The openGauss scanner/parser divides lexical elements into five fundamental categories: integers, floating-point numbers, strings, identifiers, and keywords. Constants of most non-numeric types are first classified as strings. The SQL language definition allows specifying type names with constant strings. For example, the query:
openGauss=# SELECT text 'Origin' AS "label", point '(0,0)' AS "value";
label | value
--------+-------
Origin | (0,0)
(1 row)
has two literal constants, of type text and point. If a type is not specified for a string literal, then the placeholder type unknown is assigned initially.
There are four fundamental SQL constructs requiring distinct type conversion rules in openGauss parser:
Function calls
Much of the SQL type system is built around a rich set of functions. Functions can have one or more arguments. Since SQL permits function overloading, the function name alone does not uniquely identify the function to be called. The parser must select the right function based on the data types of the supplied arguments.
Operators
SQL allows expressions with prefix and postfix unary (one-argument) operators, as well as binary (two-argument) operators. Like functions, operators can be overloaded, so the same problem of selecting the right operator exists.
Value storage
SQL INSERT and UPDATE statements place the results of expressions into a table. The expressions in the statement must be matched up with, and perhaps converted to, the types of the target columns.
UNION, CASE, and Related Constructs
Since all query results from a unionized SELECT statement must appear in a single set of columns, the types of the results of each SELECT clause must be matched up and converted to a uniform set. Similarly, the result expressions of a CASE construct must be converted to a common type so that the CASE expression as a whole has a known output type. The same holds for ARRAY constructs, and for the GREATEST and LEAST functions.
The system catalog pg_cast stores information about which conversions, or casts, exist between which data types, and how to perform those conversions. For details, see PG_CAST.
The return type and conversion behavior of an expression are determined during semantic analysis. Data types are divided into several basic type categories, including Boolean, numeric, string, bitstring, datetime, timespan, geometric, and network. Within each category there can be one or more preferred types, which are preferred when there is a choice of possible types. With careful selection of preferred types and available implicit casts, it is possible to ensure that ambiguous expressions (those with multiple candidate parsing solutions) can be resolved in a useful way.

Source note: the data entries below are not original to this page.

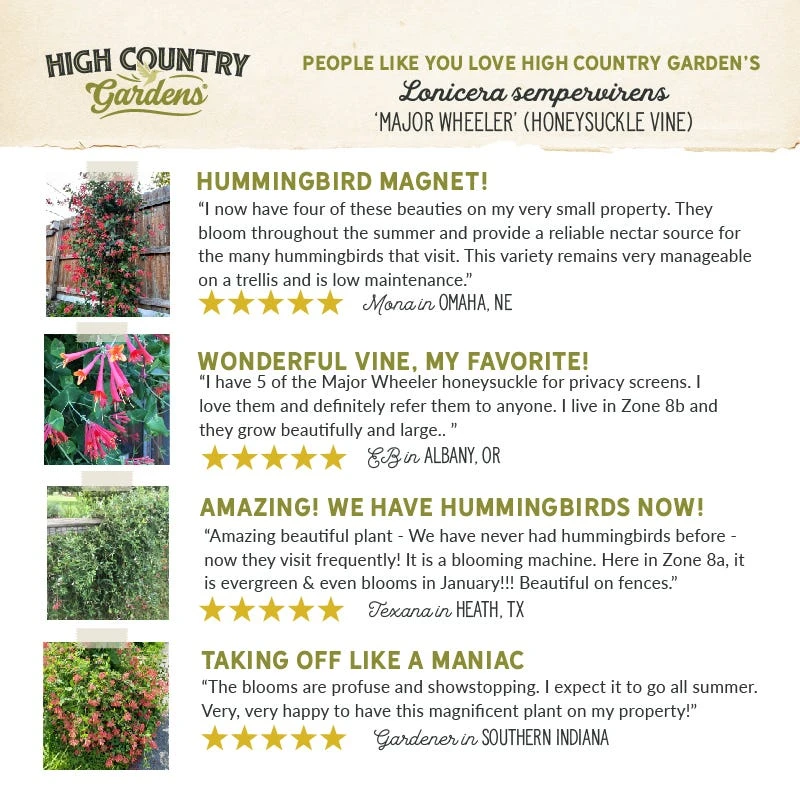 Major Wheeler Honeysuckle Vine 10 Major Wheeler Honeysuckle Vine - Image 8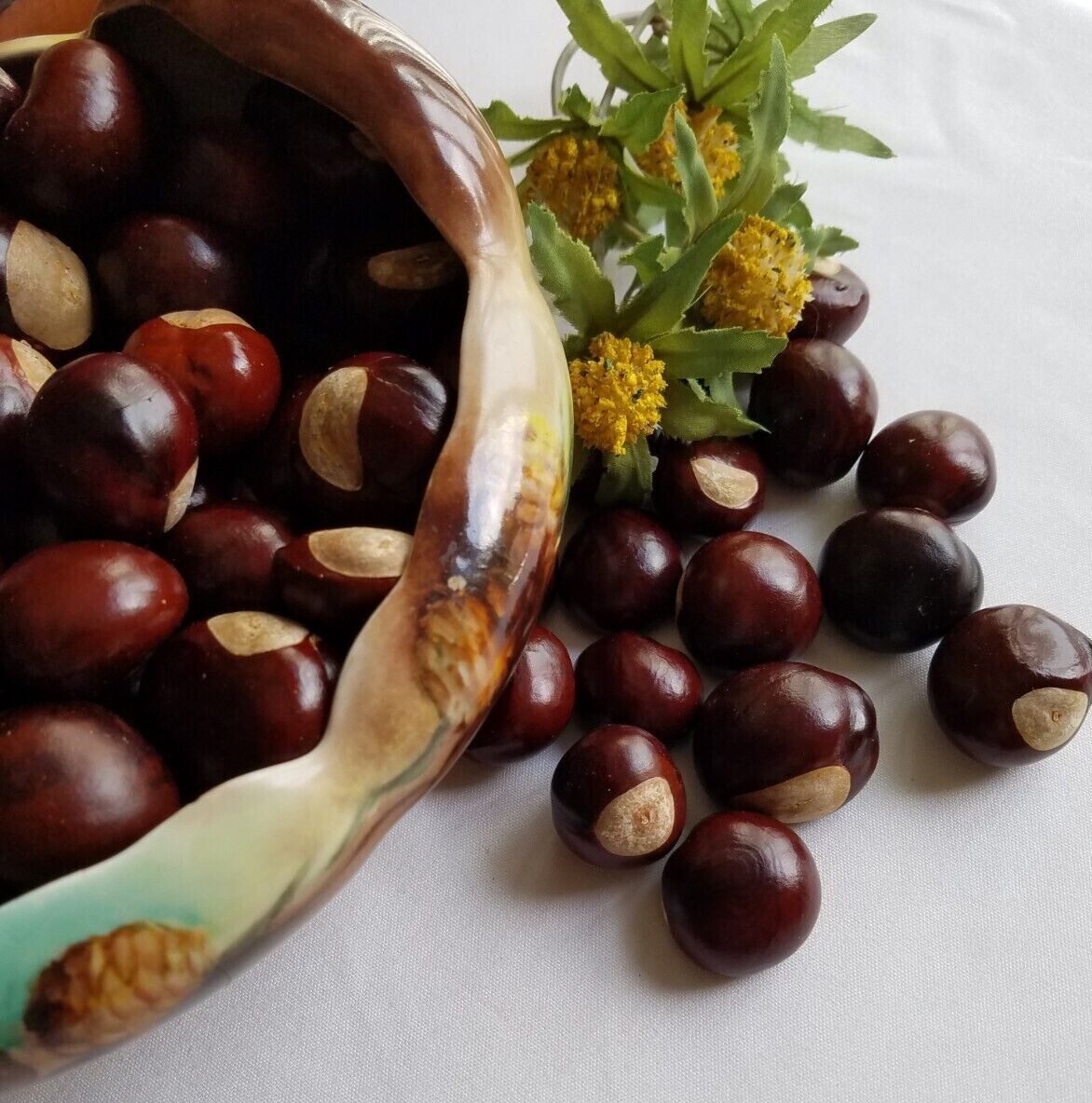 Ohio Buckeye Seed/ Fresh Buckeye Nuts/ Natural Buckeye Nut – 100 pcs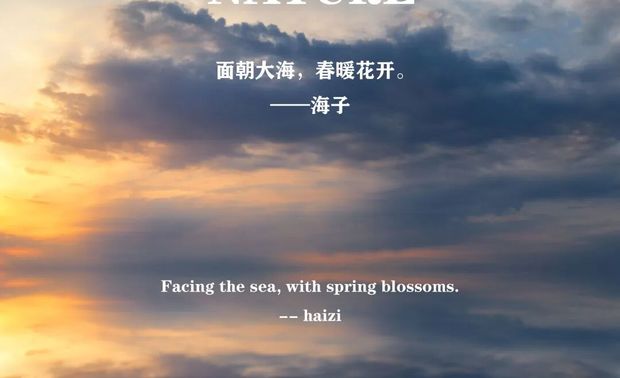 建筑与环境的相互呼应

犹如潮起潮落
在每日一样的自然规律中却总能发现不一样的惊喜和浪漫我想这就是设计的本质用常规的建材
塑造出一个每日都会有不同景色的空间给人无限的遐想和期待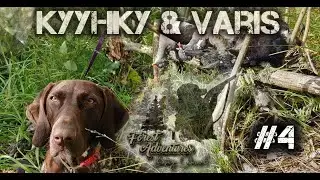 FA: Kyyhky & Varis | Kausi 2020 / 2021 #4
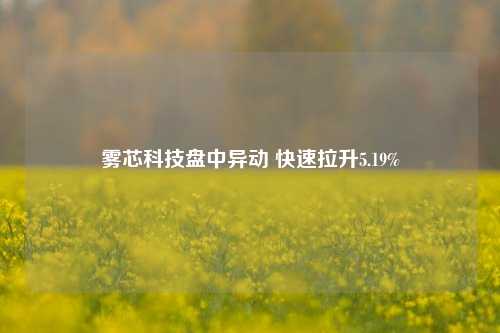 雾芯科技盘中异动 快速拉升5.19%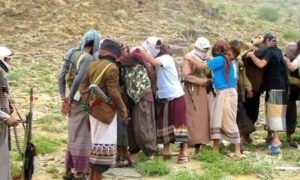 تقرير أممي: الحوثي يدرب القاعدة ويعالج عناصرها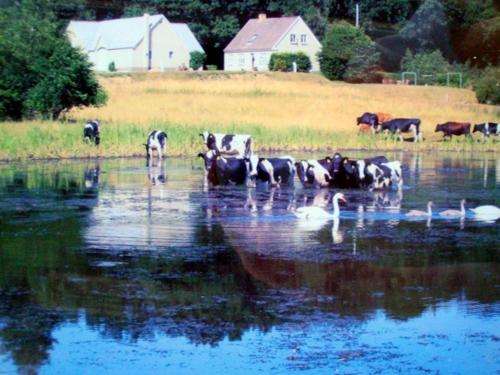www.engelsholm-bedandbreakfast.dk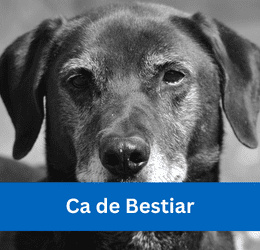 Ca de Bestiar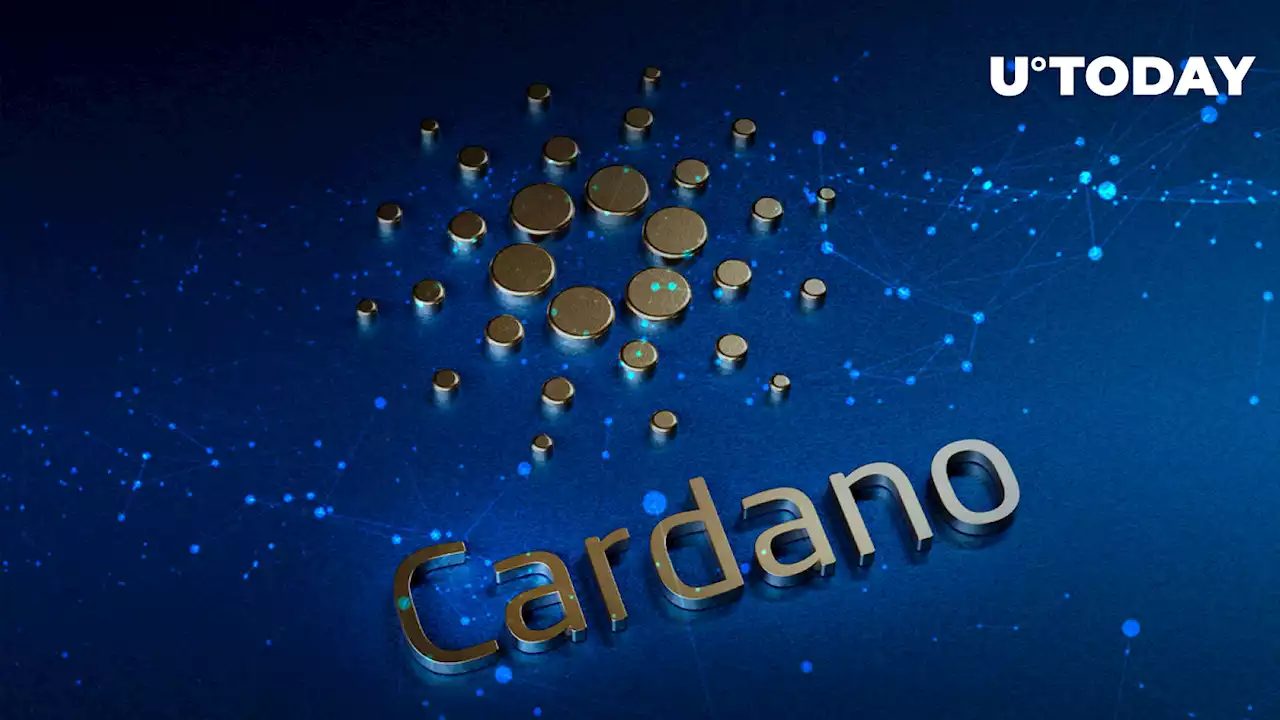 Cardano's Djed Stablecoin Scores Another Partnership Ahead of Launch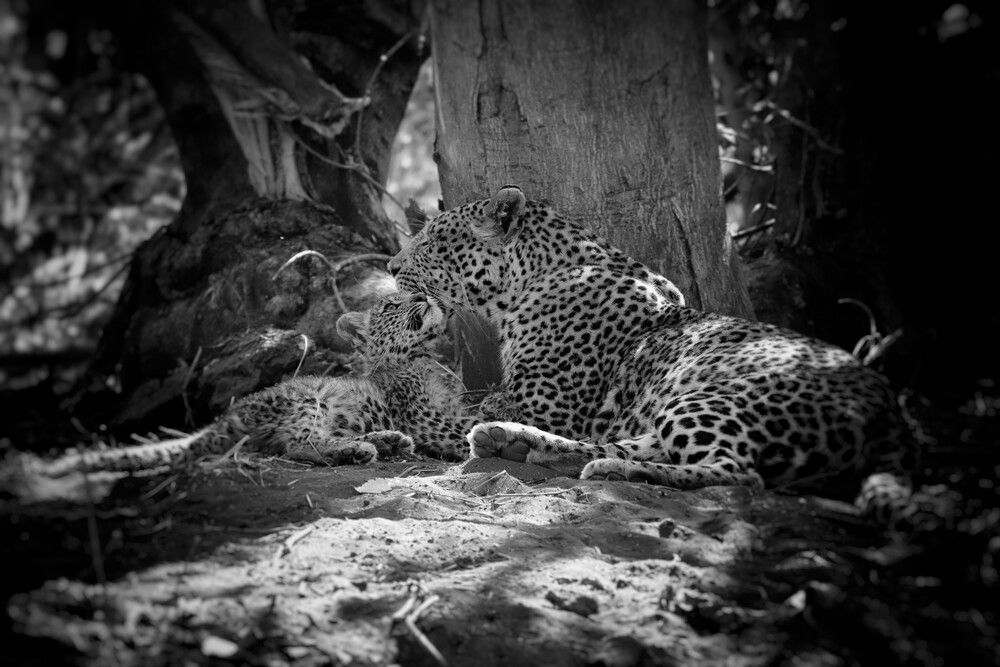 Photograph by Chantelle Van Niekerk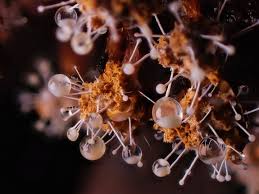 Attēlu rezultāti vaicājumam “Polycephalomyces tomentosus”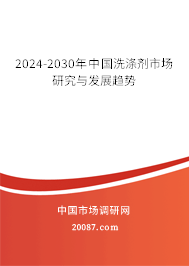 2024-2030年中国洗涤剂市场研究与发展趋势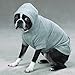 Zack & Zoey Fleece-Lined Hoodie for Dogs, 16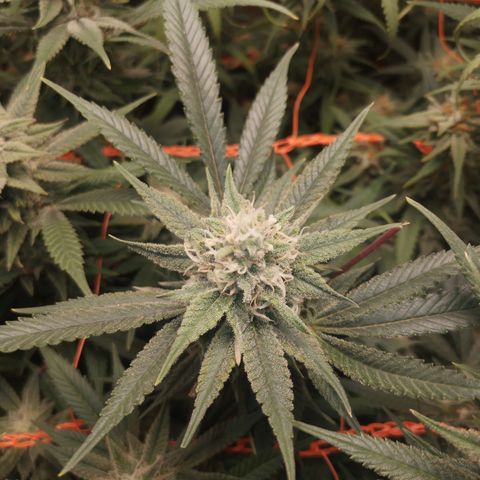 Glueberry OG & Banana Blaze #3 growlog timeline photo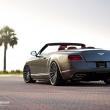 image Bentley-Continental-GTC-velgpron-017.jpg
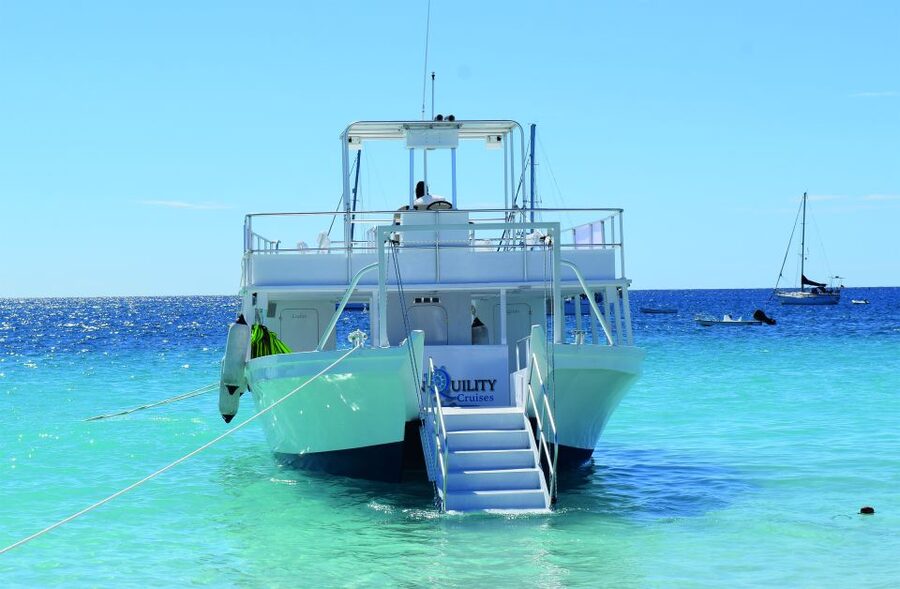 Barbados: Carlisle Bay Beach Day and Turtle Swim Experience - How the timing shapes your six hours
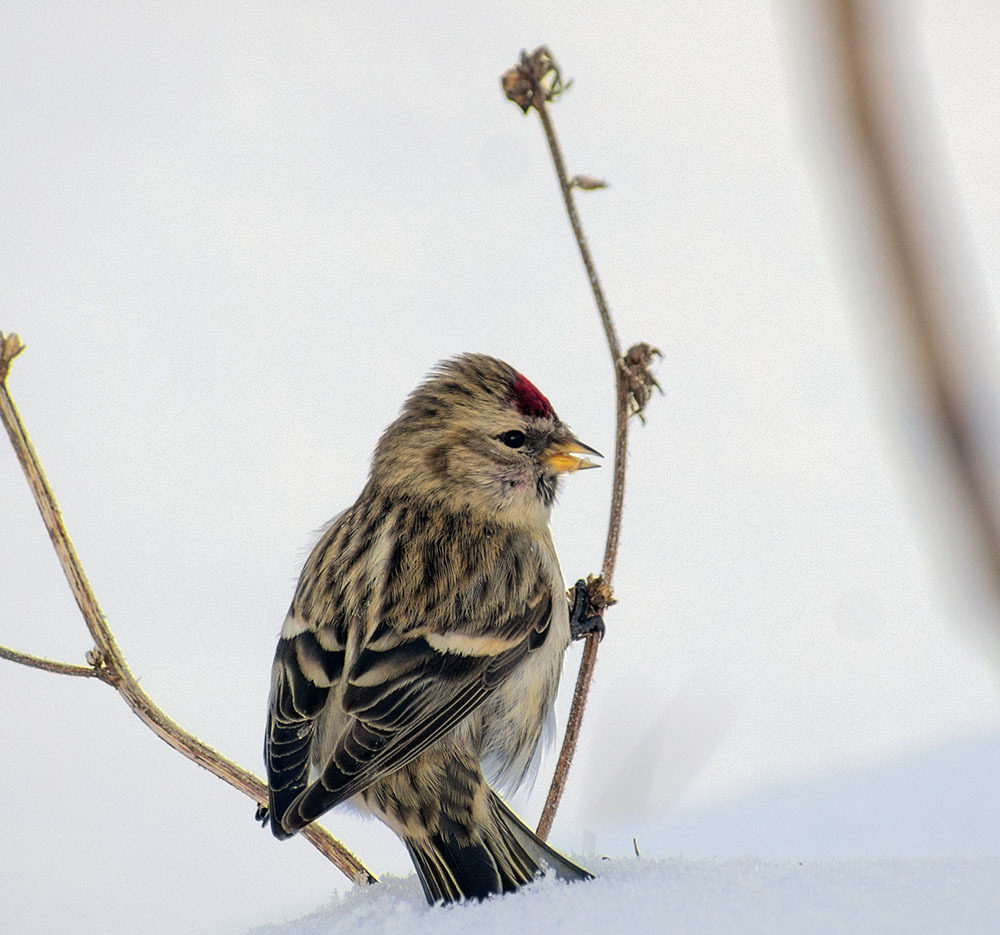 How cold it is to live - My, Winter, January, Schelkovo, Ornithology, Birds, Hobby, Walk, Photo hunting, Longpost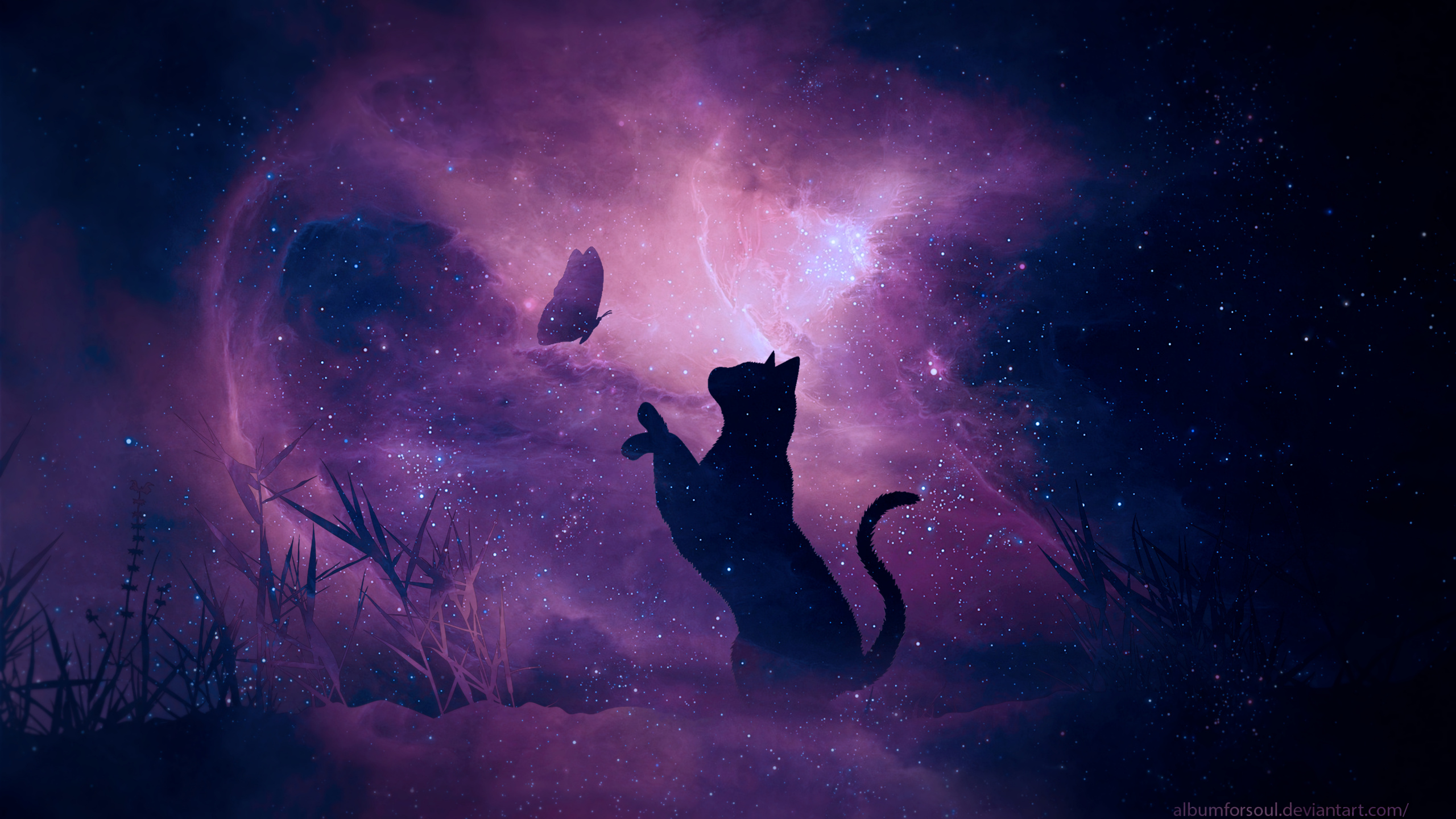 Chat Noir Sur Terrain en Herbe Pendant la Nuit. Wallpaper in 2560x1440 Resolution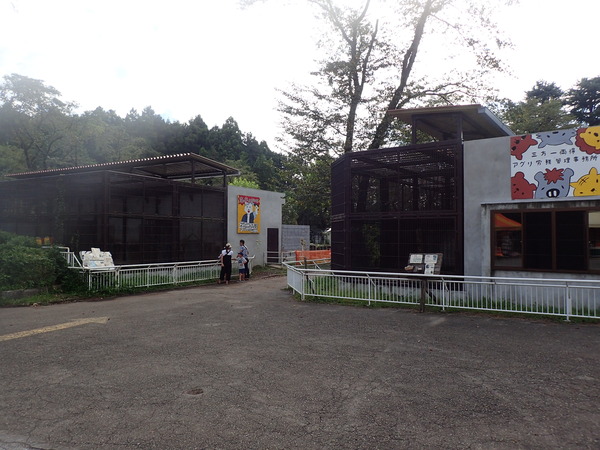 宇都宮動物園 (1)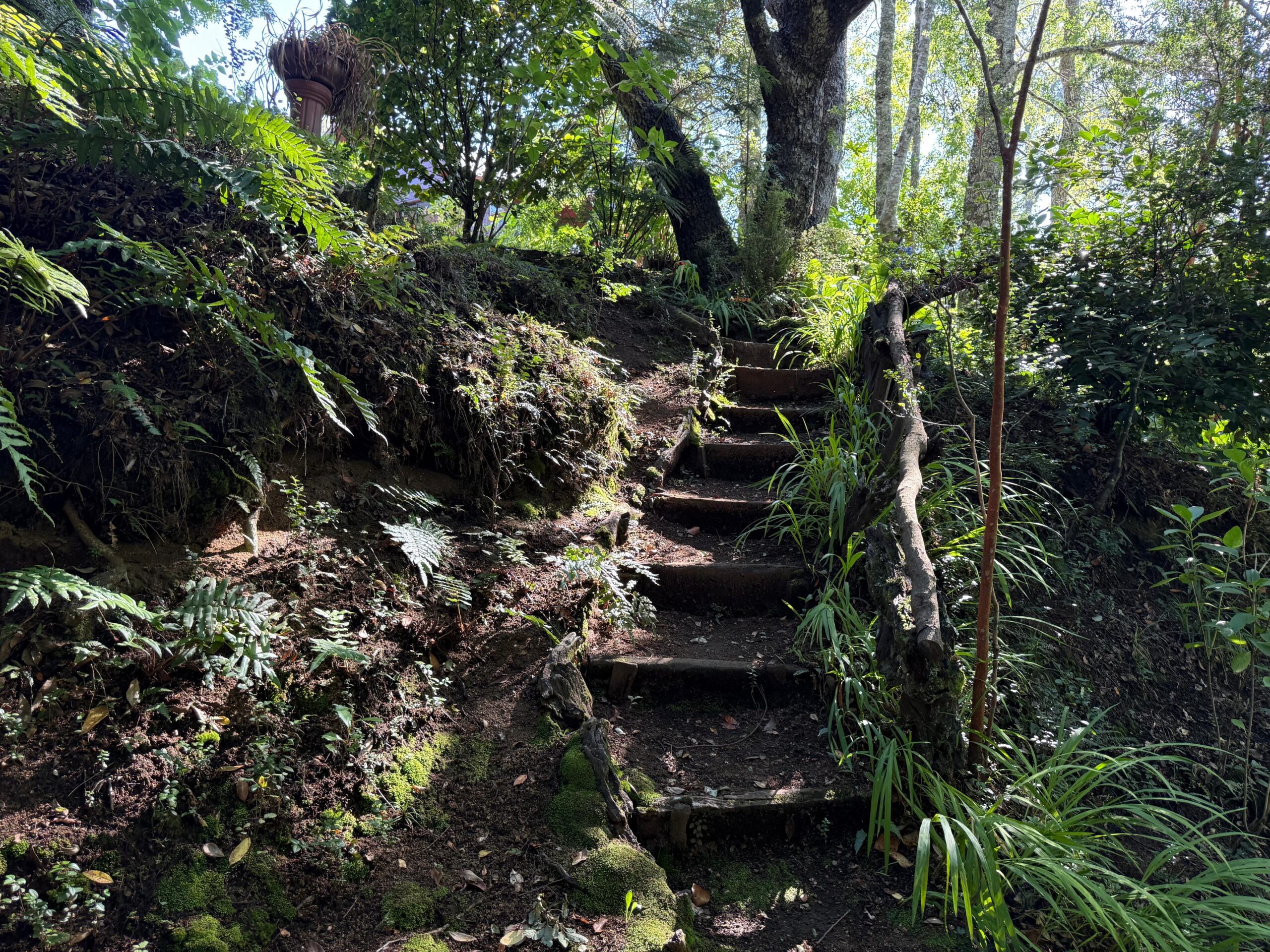 094d1516-9d3f-48eb-9438-b6c7ec171b33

All type conversion rules are designed based on the following principles:
- Implicit conversions should never have surprising or unpredictable outcomes.
- There should be no extra overhead in the parser or executor if a query does not need implicit type conversion. That is, if a query is well-formed and the types already match, then the query should execute without spending extra time in the parser and without introducing unnecessary implicit conversion calls in the query.
- Additionally, if a query usually requires an implicit conversion for a function, and if then the user defines a new function with the correct argument types, the parser should use this new function.